The consumer has a mind as well as a stomach
Being the creative director in an advertising agency means spending a great deal of time discussing and evaluating work done by others. Much of the development work you are shown seems wrong; either strategically wrong or executionally wrong.
When it is strategically wrong, it is relatively easy to explain why you want it changed but when you feel the execution is at fault, the problem becomes a great deal harder. It never seemed satisfactory - or fair - simply to say, ‘This isn't good enough, start again.’ I always felt the need to try to explain why; to try to relate the specific rejection to a more general principle. ln this way, disappointments could at least be part of a learning process - and, besides, it was good for me to try to explain and justify my decision.
The problem was, there were (and are) few sensible and well-articulated theories about how adverting works. There are some ‘rules’, some sets of beliefs about what is good or bad, but very little communications theory, however inadequate, on which to build and against which to test a particular instinct about a particular proposal. Again and again l found myself having to explain that saying something did not mean that you had communicated it; and almost as often, that not having said something didn't necessarily mean that you had not communicated it.
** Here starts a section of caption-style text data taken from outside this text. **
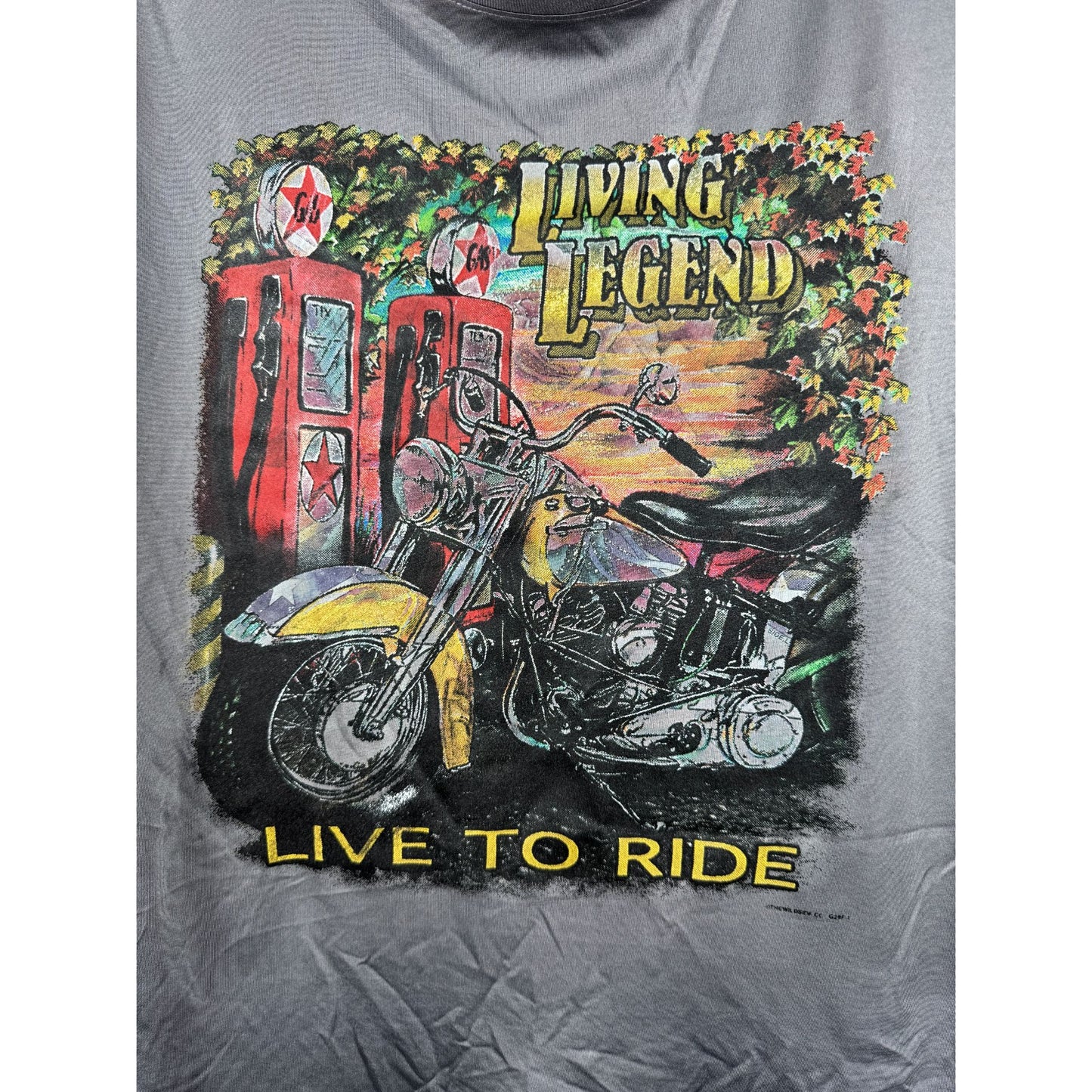 Mens Motorcycle T-Shirt Live to Ride Graphic Tee Living Legend Gray Size M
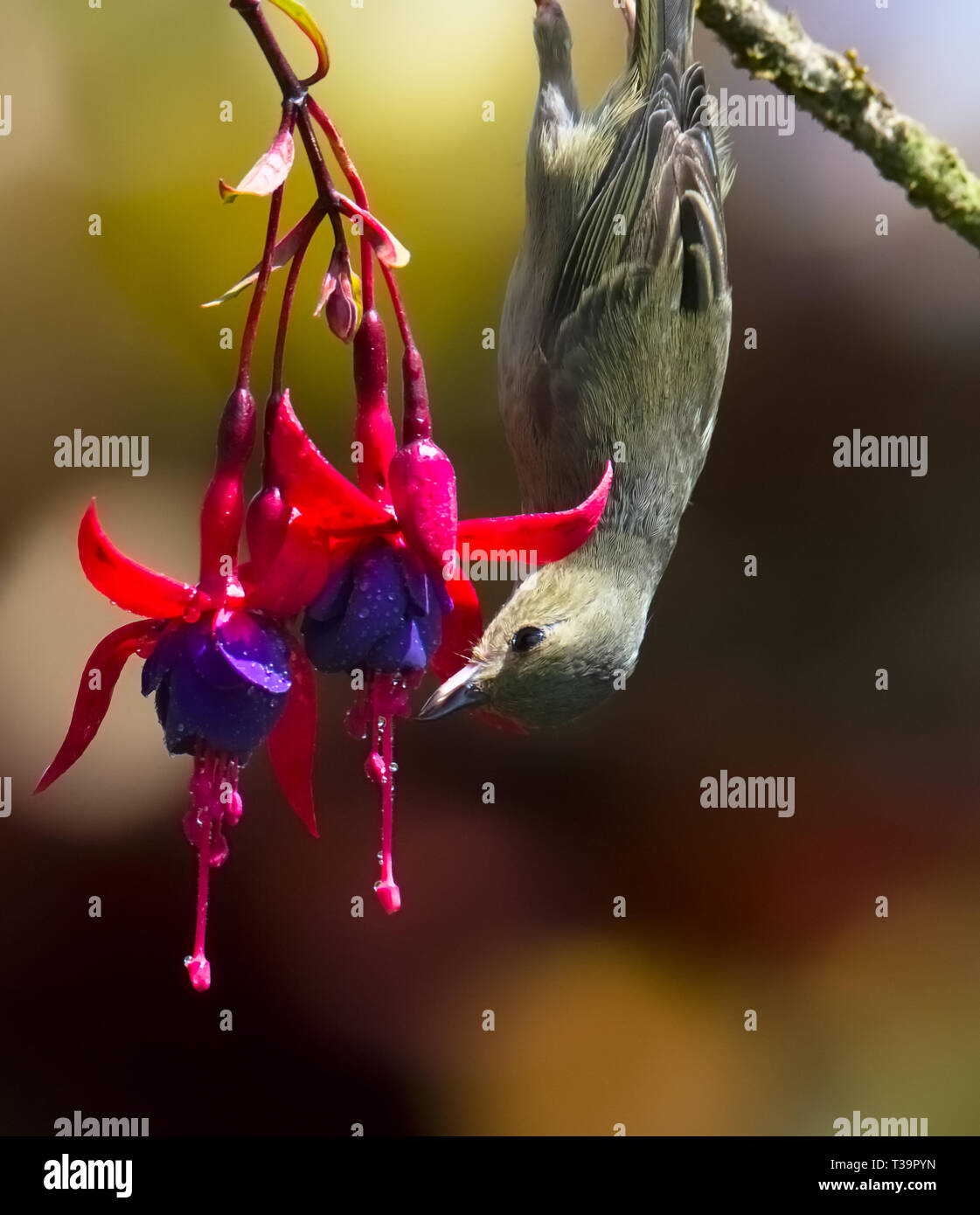Hanging upside down a Tennessee Warbler reaches its beak out to drink nectar from a red puple flower Stock Photo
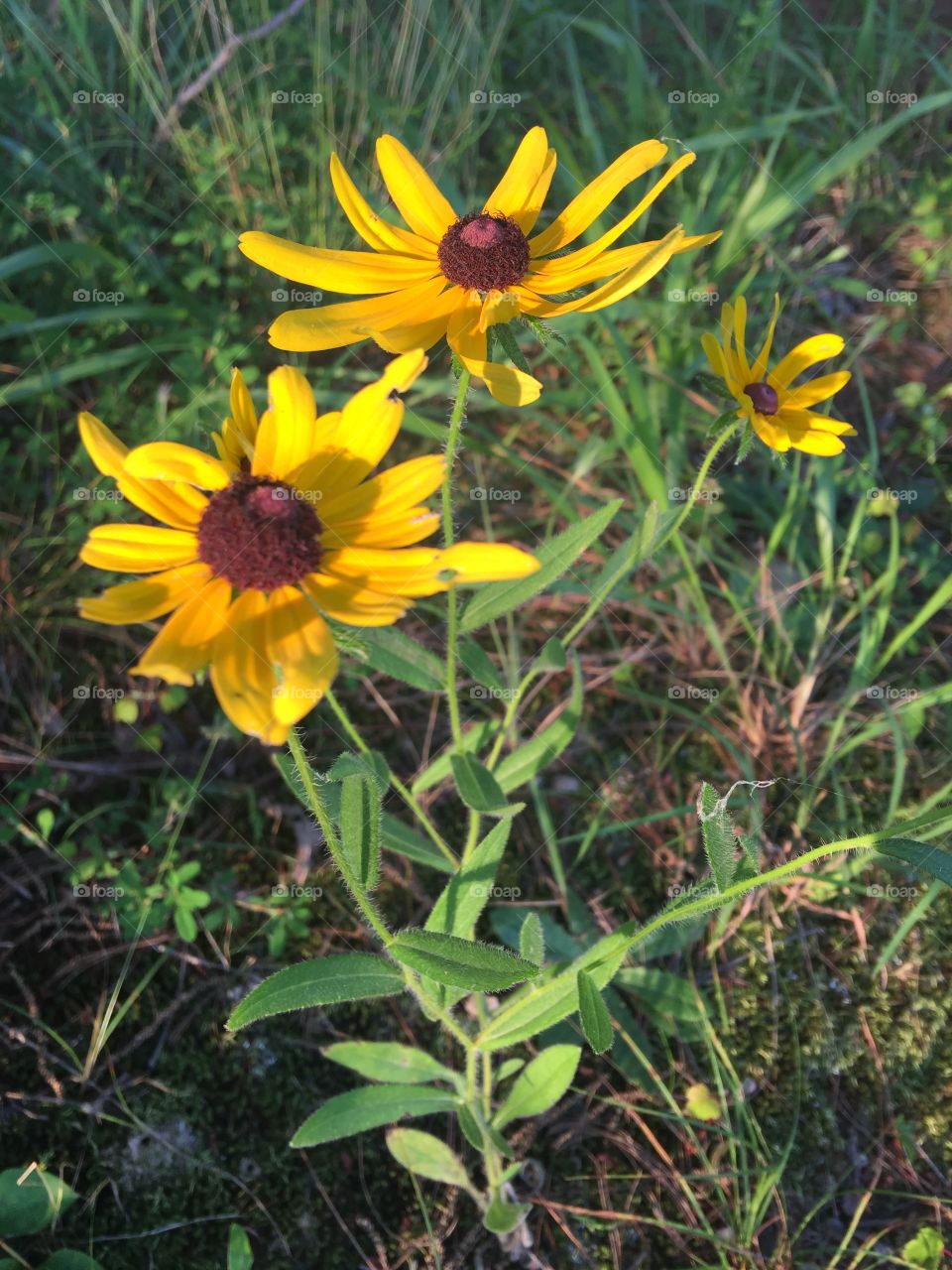 Sunset Susans 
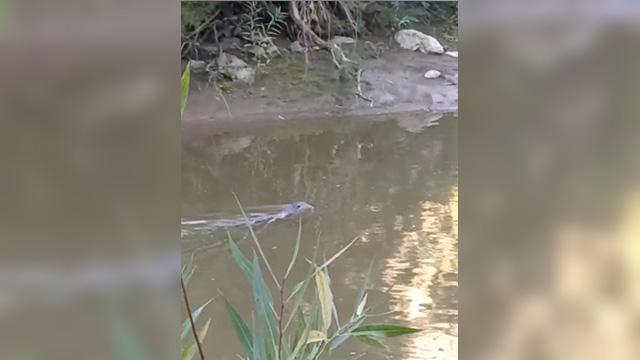 Diyarbakır’da nesli tehdit altında olan ‘su samuru’ görüldü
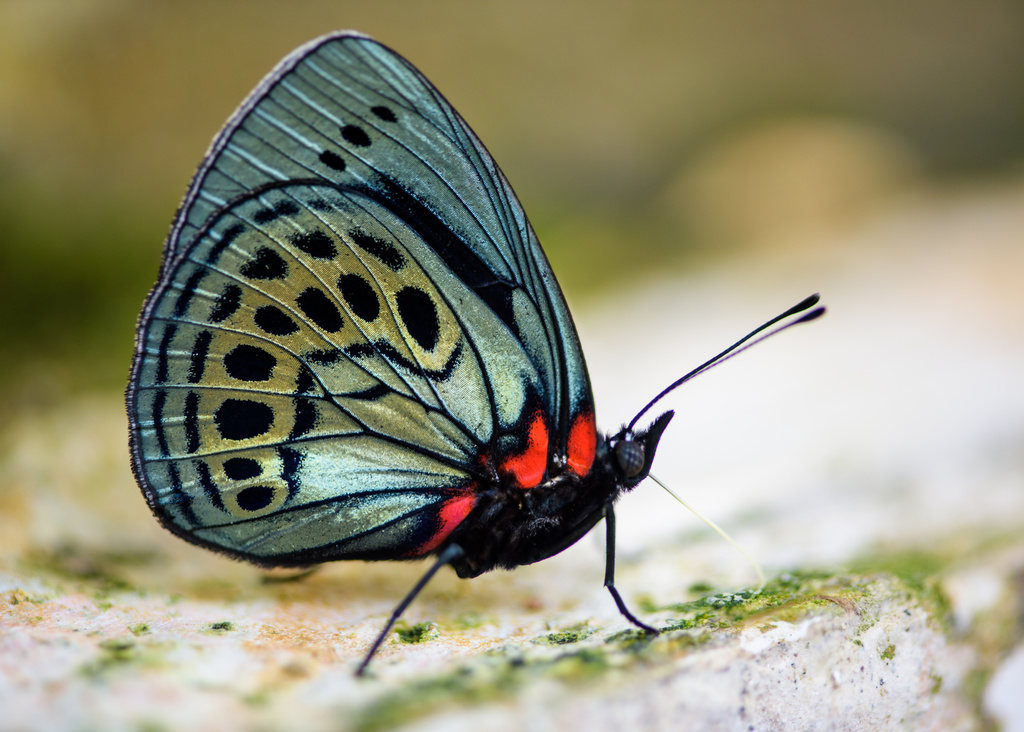 Asterope leprieuri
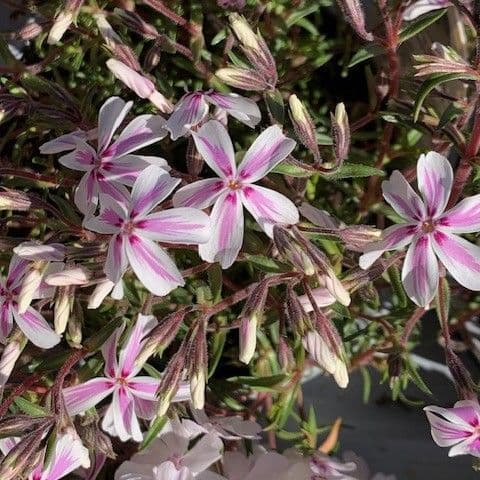 Phlox  'Kimono Pink'   1L
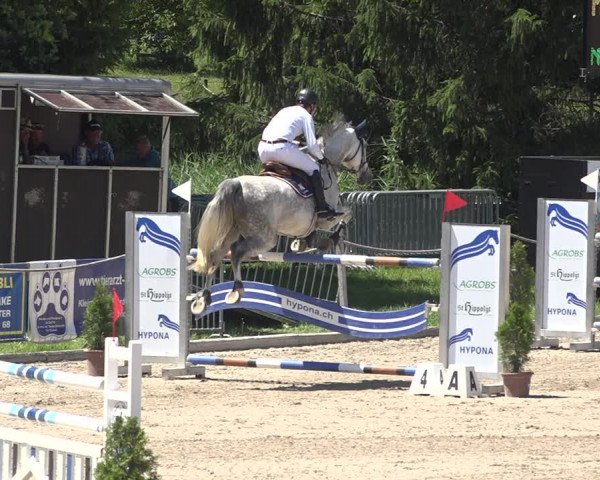 Reitturnier Fehraltorf 2020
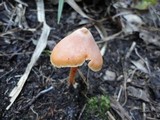 Entoloma salmoneum image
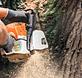 Redding Tree Service in Redding, CA Tree & Shrub Transplanting & Removal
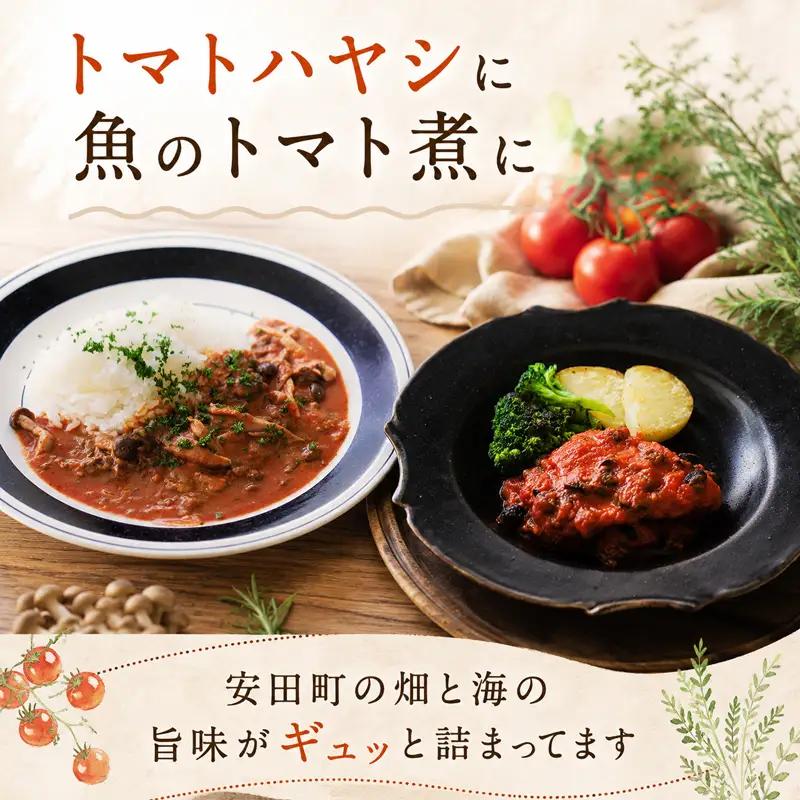 安田町 トマトソース 2袋 トマト ソース セット TR-24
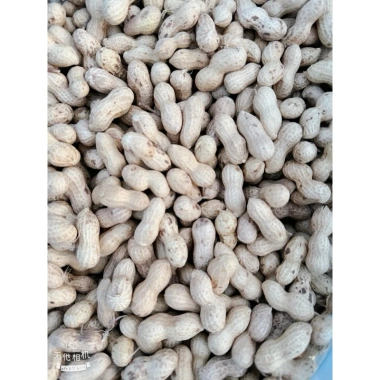 Lạc Sen vỏ mỏng nguyên củ phơi nắng khô Tân Kỳ Nghệ An 1kg - Giảm giá, chỉ 70.000đ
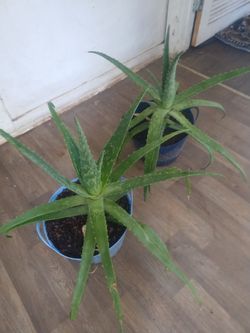 Aloe vera plants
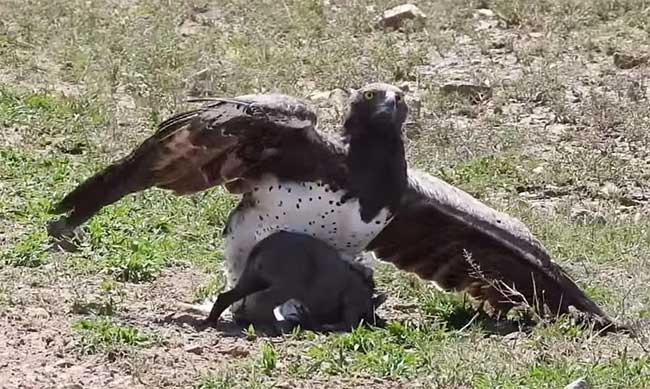 Martial Eagle is the largest eagle in Africa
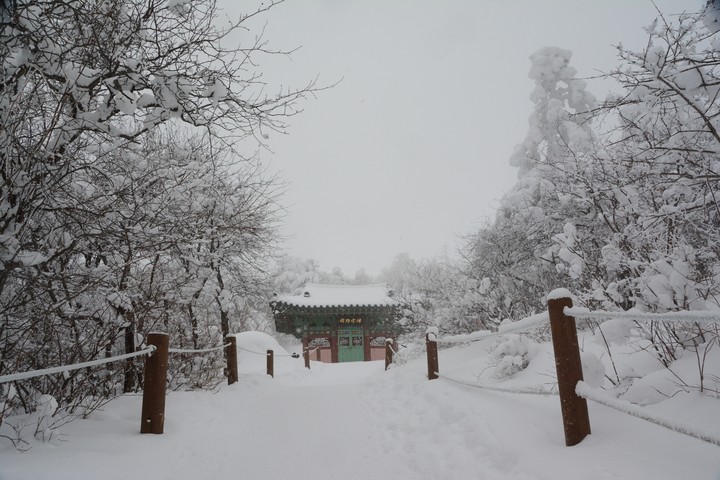 태백산이미지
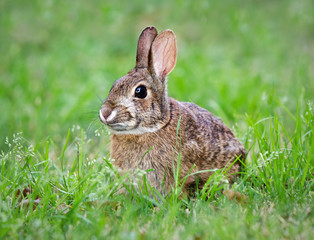 Wall Mural - Young Cottontail bunny rabbit munching grass in the garden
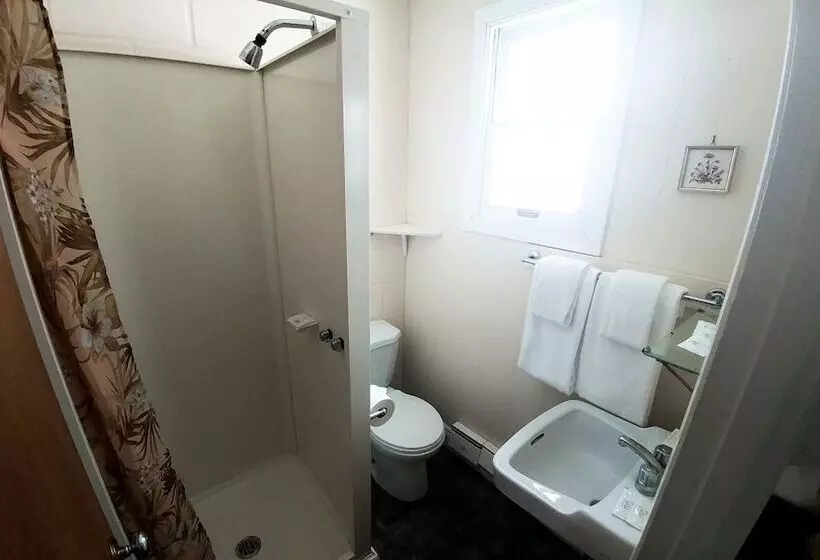 Hostelli The Shawville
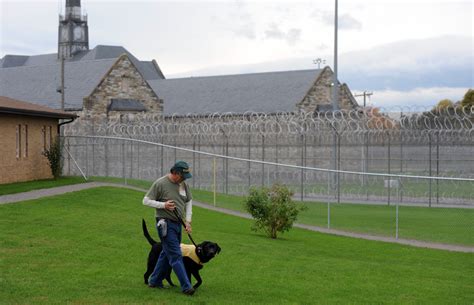 Maryland Prisoners Train Service Dogs For Veterans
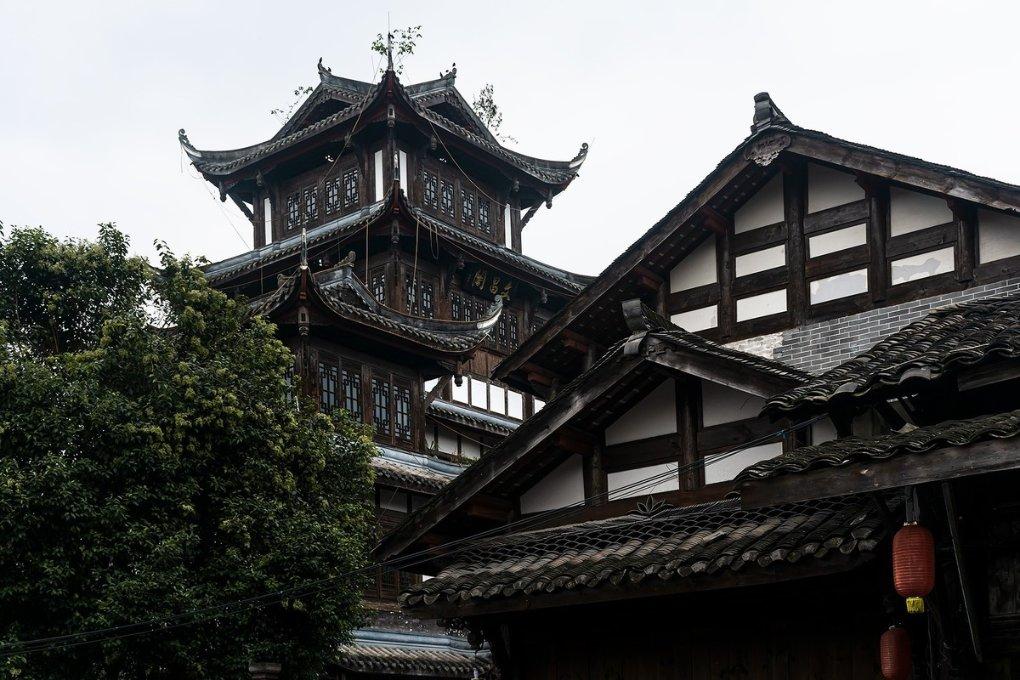 小艾比摄影家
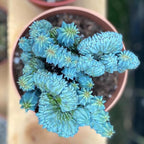 Blue Candle Curly Cactus Live Plant in 4" Pot, Rare Blue Cactus Succulent for Home Decor Outdoor Indoor Growing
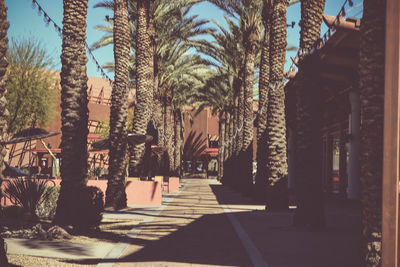 View of trees in city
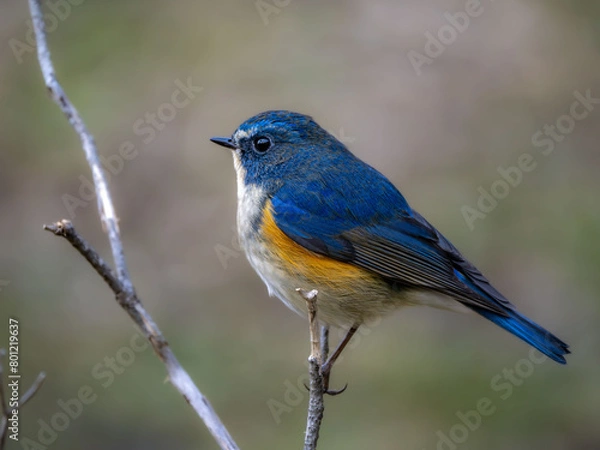 Obraz 森の中で枝に留まっているルリビタキの雄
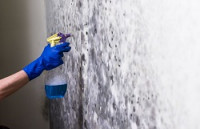 Midway Mold Experts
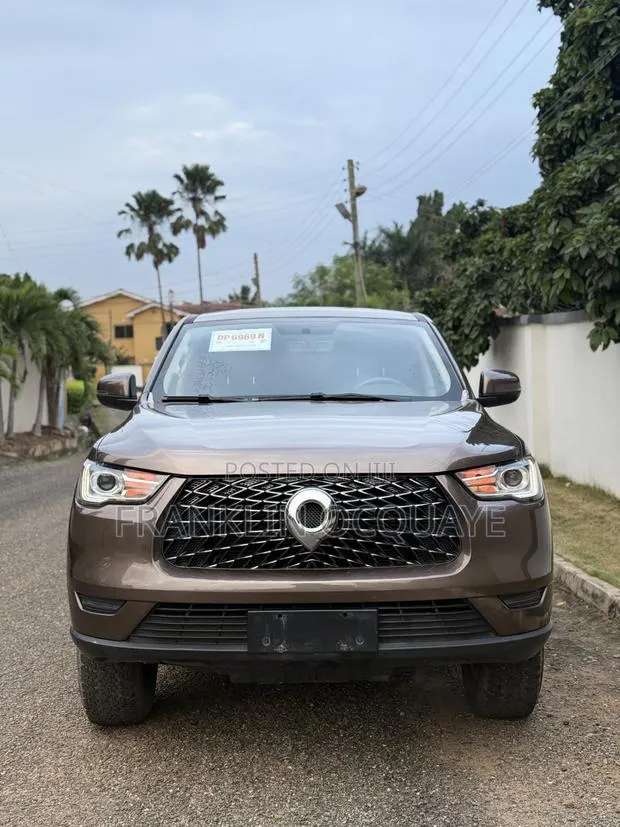 Great Wall Poer 2019 Brown · Photo 1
The first time I put these thoughts together in public was in 1972 to a Kraft lnternational Management Conference in Switzerland. The first two editions of this book carried the presentation more or less exactly as I first gave it. Since then, I’ve made similar presentations on a great many occasions in the course of which I’ve dropped the almost totally irrelevant original introduction and added a few more examples and illustrations. That is the version printed here. It’s probably best known as Stimulus & Response. I remain extremely grateful to Terry Hamaton for the illustrations.
There seem to be curiously few books about the nature of communications that are of practical help to those working in advertising
But those that do exist seem to be unanimous in believing the communications process to be composed of four distinct component parts.
There’s a Sender:
A Receiver:
A Medium:
And a Message:
The man in the big boat says ‘Get out of my way!’ to the man in the little boat. The man in the little boat dutifully gets out of the way, and the communication has been successfully completed. It all seems very simple, doesn’t it? But let’s see if the same model can be applied to other forms of communication.